Dr Singhal has implanted prototype devices into live beetles. Fitted with a fuel cell about the size of a penny, the bionic bugs were able to generate over 20 microwatts (20 millionths of a watt) during a two-week trial.
That is only around a fifth of the power that a pacemaker requires, but Dr Singhal reckons that a human-sized version of his cell would be able to deliver enough juice. There is a catch, though: a process called biofouling, in which foreign objects implanted in the body become encrusted with proteins and tissue. That could render Dr Singhal’s device inoperable after only a few months. Equally worrying are the enzymes, which tend to break down over time. Losing enzymes means losing power.

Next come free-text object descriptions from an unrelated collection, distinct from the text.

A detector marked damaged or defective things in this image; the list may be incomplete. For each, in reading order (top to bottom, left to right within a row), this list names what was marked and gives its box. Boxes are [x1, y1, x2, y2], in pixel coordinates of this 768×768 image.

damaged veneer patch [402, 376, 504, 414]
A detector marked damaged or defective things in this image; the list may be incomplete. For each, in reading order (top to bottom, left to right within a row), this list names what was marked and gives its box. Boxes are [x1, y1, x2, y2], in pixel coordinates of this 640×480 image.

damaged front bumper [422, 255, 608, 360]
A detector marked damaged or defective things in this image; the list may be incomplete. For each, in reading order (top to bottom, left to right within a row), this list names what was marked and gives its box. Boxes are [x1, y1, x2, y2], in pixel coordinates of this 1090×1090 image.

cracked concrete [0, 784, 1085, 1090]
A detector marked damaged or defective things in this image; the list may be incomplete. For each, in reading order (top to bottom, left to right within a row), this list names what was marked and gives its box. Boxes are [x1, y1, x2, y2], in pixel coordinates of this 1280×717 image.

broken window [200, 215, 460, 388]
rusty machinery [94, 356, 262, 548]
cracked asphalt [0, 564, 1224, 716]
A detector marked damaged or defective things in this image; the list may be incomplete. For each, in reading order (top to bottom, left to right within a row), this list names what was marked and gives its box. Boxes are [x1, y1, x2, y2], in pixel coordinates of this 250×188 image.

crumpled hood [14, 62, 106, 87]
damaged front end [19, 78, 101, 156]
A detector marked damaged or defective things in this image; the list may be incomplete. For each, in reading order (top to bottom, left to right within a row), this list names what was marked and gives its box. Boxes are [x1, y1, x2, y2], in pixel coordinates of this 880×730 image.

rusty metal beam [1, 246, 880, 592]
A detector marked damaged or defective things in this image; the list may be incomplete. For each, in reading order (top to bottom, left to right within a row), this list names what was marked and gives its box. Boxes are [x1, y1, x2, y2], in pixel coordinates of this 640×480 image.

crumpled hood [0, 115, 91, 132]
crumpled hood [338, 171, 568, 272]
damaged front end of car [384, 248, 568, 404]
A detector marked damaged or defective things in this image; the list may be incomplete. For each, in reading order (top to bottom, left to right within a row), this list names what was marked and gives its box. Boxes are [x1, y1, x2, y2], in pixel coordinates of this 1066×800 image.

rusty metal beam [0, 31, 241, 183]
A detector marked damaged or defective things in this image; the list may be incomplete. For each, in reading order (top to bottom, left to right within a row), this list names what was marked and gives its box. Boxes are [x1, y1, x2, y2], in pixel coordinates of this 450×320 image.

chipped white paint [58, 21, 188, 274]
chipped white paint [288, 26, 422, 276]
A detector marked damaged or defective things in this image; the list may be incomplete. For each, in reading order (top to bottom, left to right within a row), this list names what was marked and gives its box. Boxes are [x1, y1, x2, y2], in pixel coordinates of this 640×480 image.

Rahul Sarpeshkar, an electrical engineer at the Massachusetts Institute of Technology, has a solution to both these problems. In a paper published on June 12th in Public Library of Science, Dr Sarpeshkar and his colleagues describe building a glucose fuel cell which uses a platinum catalyst that does not degrade over time.
The downside is that platinum is a less efficient catalyst than the enzymes used by Dr Singhal, and so Dr Sarpeshkar’s cell works less well. But it might be able to generate enough electricity to run the next generation of ultra-low-power IMDs.
Dr Sarpeshkar also has a novel solution to the biofouling problem: implant the fuel cell in the cerebrospinal fluid (CSF) surrounding the brain. Although the CSF has only half the glucose concentration of the bloodstream, it is virtually free of the proteins and cells which would foul a device implanted in other areas of the body, and thus its life would be greatly extended.
Other approaches could yield more energy. Some soil-dwelling bacteria have evolved to deposit the electrons from glucose oxidation onto iron molecules, which allows researchers to trick them into living on the anode of a fuel cell. A colony of microbes like these, properly isolated from the host’s immune system, might be coerced into trading electrons for nutrients from the bloodstream. The bacteria can renew their own enzymes, so such a system should last indefinitely. But the idea of implanting a bacterial colony into a patient might be a tricky one to get past medical regulators—not to mention public opinion.
A better idea might be to retrain some of the body’s own cells to do the work. Just as an outdated procedure called a cardiomyoplasty involved severing a seldom-used upper-back muscle and wrapping it around the heart to assist in pumping blood, muscle fibres might be retrained to crank an electromechanical generator. Such a setup would be capable of producing enough electricity to drive even the most power-hungry of devices, like artificial hearts.
The energy density of lithium batteries has come a long way in the past few decades, but the chemical reaction on which they rely will never be able to match the energy available from the metabolisation of glucose. The chemical energy in a gram of glucose is nearly half the amount available from petrol, a famously energy-dense fuel. With a bit of refinement, sugar could prove a very sweet solution for powering the next generation of IMDs.